- [About this task]
For the data below, give the number of lines containing "Stair" and nothing more.

^^^^^^^^^^^^^^^^

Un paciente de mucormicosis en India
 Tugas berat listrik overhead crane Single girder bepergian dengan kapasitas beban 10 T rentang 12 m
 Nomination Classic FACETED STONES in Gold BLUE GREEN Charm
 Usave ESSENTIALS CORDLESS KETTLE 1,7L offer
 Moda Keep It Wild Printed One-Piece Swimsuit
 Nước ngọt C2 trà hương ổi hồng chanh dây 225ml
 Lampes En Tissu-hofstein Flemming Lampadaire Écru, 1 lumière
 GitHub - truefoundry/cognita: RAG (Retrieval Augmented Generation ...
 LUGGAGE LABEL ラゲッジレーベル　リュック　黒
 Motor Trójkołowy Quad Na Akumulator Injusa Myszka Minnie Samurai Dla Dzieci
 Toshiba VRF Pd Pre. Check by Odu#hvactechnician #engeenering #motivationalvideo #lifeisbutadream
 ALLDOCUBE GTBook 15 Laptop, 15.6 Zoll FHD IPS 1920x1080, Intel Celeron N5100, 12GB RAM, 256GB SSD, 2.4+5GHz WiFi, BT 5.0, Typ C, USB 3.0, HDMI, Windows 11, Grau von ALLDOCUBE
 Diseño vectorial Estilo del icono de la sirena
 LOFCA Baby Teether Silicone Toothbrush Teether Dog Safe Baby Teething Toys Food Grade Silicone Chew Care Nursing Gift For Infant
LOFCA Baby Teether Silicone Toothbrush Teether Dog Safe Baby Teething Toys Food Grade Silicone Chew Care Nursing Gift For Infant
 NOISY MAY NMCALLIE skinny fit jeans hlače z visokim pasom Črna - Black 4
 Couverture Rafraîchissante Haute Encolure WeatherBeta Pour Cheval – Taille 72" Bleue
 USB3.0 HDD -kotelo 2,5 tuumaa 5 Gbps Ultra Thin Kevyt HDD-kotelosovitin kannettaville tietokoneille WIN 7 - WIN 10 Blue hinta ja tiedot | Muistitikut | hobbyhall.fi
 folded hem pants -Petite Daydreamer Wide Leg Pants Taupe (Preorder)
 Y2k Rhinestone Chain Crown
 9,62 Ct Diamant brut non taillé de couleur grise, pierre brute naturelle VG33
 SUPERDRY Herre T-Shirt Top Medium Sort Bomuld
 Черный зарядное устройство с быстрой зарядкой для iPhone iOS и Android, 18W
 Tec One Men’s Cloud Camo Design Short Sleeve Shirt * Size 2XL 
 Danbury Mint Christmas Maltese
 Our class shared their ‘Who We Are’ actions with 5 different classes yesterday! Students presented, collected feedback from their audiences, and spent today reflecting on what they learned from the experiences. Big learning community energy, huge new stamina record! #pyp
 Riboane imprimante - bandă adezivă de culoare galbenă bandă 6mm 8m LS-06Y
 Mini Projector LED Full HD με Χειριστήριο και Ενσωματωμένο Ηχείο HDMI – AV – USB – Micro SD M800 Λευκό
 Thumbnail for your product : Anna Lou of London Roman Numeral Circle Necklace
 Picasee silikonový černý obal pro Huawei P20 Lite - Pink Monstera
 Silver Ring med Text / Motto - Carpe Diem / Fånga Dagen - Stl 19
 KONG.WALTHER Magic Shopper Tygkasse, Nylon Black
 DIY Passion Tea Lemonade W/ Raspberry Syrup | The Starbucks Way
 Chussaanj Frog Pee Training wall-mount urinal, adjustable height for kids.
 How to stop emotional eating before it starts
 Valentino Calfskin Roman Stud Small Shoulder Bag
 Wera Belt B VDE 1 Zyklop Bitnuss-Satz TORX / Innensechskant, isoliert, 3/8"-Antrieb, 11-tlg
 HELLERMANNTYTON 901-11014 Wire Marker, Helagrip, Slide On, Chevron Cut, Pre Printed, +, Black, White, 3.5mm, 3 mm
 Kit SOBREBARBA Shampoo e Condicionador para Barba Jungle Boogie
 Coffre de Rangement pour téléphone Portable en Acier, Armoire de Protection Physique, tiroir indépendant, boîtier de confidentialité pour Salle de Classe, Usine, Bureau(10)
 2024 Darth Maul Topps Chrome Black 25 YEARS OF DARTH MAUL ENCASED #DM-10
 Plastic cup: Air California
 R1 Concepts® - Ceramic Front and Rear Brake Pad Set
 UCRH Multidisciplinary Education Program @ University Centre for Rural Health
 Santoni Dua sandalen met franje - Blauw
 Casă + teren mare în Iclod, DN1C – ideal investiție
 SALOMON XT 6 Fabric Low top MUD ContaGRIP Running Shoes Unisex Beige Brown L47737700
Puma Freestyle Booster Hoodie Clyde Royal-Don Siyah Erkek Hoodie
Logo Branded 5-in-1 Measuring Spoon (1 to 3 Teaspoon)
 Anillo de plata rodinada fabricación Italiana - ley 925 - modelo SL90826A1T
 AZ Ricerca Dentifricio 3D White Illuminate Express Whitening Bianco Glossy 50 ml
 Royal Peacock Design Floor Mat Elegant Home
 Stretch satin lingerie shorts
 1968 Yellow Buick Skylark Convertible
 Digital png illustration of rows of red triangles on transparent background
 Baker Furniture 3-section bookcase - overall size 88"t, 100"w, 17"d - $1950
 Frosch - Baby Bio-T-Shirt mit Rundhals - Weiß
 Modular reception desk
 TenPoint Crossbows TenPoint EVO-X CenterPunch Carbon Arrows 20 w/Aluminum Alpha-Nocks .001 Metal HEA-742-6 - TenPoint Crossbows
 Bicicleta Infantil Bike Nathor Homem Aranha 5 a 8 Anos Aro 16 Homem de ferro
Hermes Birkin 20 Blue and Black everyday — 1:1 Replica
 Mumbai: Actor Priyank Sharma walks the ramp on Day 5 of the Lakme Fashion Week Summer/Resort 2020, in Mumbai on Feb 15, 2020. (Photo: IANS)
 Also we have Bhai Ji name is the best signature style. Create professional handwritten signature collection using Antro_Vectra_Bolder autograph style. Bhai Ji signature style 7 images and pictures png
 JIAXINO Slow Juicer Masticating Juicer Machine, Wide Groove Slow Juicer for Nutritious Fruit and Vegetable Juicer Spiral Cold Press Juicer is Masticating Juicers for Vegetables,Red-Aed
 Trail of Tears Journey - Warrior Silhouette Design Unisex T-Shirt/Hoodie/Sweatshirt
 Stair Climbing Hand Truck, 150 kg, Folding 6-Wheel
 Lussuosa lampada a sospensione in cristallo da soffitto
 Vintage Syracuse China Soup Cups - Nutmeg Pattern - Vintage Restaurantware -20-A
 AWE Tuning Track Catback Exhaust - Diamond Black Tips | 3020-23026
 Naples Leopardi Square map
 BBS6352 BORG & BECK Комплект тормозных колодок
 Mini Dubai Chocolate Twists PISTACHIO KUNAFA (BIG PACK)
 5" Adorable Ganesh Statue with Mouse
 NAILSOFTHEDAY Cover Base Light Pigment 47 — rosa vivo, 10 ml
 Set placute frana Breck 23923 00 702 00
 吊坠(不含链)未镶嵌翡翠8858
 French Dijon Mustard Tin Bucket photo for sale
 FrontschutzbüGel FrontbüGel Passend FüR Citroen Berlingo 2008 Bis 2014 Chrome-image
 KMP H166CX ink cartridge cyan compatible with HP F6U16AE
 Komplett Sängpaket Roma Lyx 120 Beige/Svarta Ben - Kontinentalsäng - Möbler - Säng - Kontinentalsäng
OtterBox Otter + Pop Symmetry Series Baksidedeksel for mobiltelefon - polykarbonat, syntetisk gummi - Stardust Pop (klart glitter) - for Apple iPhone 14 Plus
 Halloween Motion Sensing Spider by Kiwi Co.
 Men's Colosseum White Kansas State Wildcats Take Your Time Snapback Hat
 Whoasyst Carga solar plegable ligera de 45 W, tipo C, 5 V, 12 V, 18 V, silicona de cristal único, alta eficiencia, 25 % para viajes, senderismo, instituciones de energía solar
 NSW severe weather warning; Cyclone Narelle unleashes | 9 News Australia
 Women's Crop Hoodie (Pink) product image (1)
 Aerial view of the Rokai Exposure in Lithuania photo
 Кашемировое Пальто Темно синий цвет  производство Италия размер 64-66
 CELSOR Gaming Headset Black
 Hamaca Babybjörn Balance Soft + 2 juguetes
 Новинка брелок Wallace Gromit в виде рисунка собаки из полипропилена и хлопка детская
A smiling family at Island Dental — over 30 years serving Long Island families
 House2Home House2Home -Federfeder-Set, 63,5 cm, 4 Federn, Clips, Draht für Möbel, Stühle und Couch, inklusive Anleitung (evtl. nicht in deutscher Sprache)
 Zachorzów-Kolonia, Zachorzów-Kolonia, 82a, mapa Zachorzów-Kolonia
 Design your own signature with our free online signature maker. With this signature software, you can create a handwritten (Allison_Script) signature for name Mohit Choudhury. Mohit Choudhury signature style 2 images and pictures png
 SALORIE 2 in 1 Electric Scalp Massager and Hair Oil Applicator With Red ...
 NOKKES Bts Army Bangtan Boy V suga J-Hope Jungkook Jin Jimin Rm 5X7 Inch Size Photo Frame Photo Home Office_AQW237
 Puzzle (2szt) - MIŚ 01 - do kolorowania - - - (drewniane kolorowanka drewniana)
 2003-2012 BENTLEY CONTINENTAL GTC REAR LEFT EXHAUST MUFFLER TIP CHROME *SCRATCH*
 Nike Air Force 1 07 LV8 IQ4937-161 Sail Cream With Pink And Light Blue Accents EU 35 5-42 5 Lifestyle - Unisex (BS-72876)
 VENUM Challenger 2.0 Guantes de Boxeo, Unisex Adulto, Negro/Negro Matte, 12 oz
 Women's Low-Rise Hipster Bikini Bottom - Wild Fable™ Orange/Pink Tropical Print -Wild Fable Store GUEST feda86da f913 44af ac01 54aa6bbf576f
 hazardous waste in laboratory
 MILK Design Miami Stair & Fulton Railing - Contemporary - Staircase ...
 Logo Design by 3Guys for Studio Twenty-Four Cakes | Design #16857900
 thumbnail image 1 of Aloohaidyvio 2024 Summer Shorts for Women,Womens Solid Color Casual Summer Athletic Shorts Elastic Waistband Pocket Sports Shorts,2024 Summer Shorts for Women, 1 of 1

^^^^^^^^^^^^^^^^

- [Expected answer]
2